If you have still don’t have an idea as to what you want to do for a career, select an area based on what your favorite subject or course was in high school. That usually offers clues.

If you want a more detailed list of majors and careers, you can find one at https://bigfuture.collegeboard.org/majors-careers

Now take a look at the list below and write down the area(s) you are interested in as majors. It’s okay to have more than one.

Majors and Careers

majors career interest

school size
What size school will you be most comfortable in? You can select more than one size, or if size doesn’t matter, select all sizes. The numbers next to the descriptions are the numbers of students.

  • Very Large (over 20,000)
  • Large (13,001 to 20,000)
  • Mid-Size (7,001 to 13,000)
  • Small (2001 to 7,000)
  • Very Small (Less than 2,000)

campus setting
Which type of area are you most comfortable living in? Here are some categories to help you find colleges in your comfort zone.

  • Large Urban Area (pop. > 250,000)
  • Small Urban Area (pop. < 250,000)
  • Suburb/Town close to a large urban area
  • Suburb/Town close to a small urban area
  • Town not near an urban area
  • Rural-Country

Again, you can select more than one size or all sizes.

At this point you should have a list of four preferences for college; location, major, size, and campus setting. Now we’re going to use those preferences to find colleges that match your criteria.

Step 2 – Using a College Search Engine to Find Colleges

Now that you have your college “wants list,” I’m going to show you how to use a college search engine to find colleges that meet your criteria.

There are several college search engines out there, and most are similar in the way they work.

For demonstration purposes, I’m going to use the search engine at Collegeview.com. You can find it at http://www.collegeview.com/collegesearch/index.jsp.

Here’s a screenshot of the search engine. As you can see, there are many categories in which you can enter search criteria. We’ll be entering information into the sections with the green arrows, but feel free to explore and use any of the other categories to help with your search.

College search engine home screen

I’ll show you how to enter your “location” preference. You should be able to figure out the rest and add other criteria to your search if you want.

If you click on the “Location” button, you will see the following.

college search engine location

You can add locations by region or individual state. For this example, we’re going to add the Midwest to our search criteria.
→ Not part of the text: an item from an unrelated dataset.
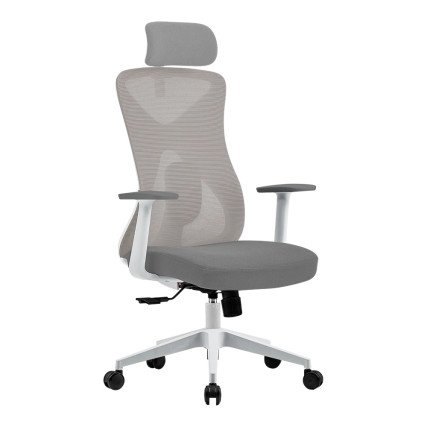 Silla Oficina Acteck PROEC737 Ajus Lumbar 120 Kg Blanco AC-937245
Click on the ADD button next to “Midwest.”

locations after adding midwest
Notice that there is now a checkmark next to Midwest and that the individual states making up the Midwest appear below the list. You can remove any states you don’t want.

Also below the list is the question, “How important is this to you?” The default is “Very,” but you can change it to whatever your preference is.

You can add more regions or states if you wish.

As soon as you make your selection, a list of colleges meeting your criteria will appear to the right.

college database list of colleges
You will do the same for each of the other questions you answered; Majors, School Size, and Campus Setting. As you add more criteria, you’ll see that the list of colleges that meet your criteria will get smaller.

If you’re interested only in colleges and universities, click on “School Type” to eliminate community colleges from your list.

To limit the search to colleges to which you have a chance of getting accepted, enter your SAT scores, ACT score, and GPA in the “My Scores” section.

You now have two lists of colleges to get you started on your research.

One of the next things you might want to do is see if any of the colleges on your brainstorm list is also on your customized list. These may be colleges with which to start your research.

The Next Step

Your next step will be to research the colleges on your lists to learn more about them. We will be looking at the college research process in an upcoming post.

Conclusion

The college search is the first step on your road to college.

In this post we talked about two ways to find colleges: creating a brainstormed list and creating a customized list.

Having a list of colleges is a great starting point for your research and can get you over the hurdle of ‟where do I start?”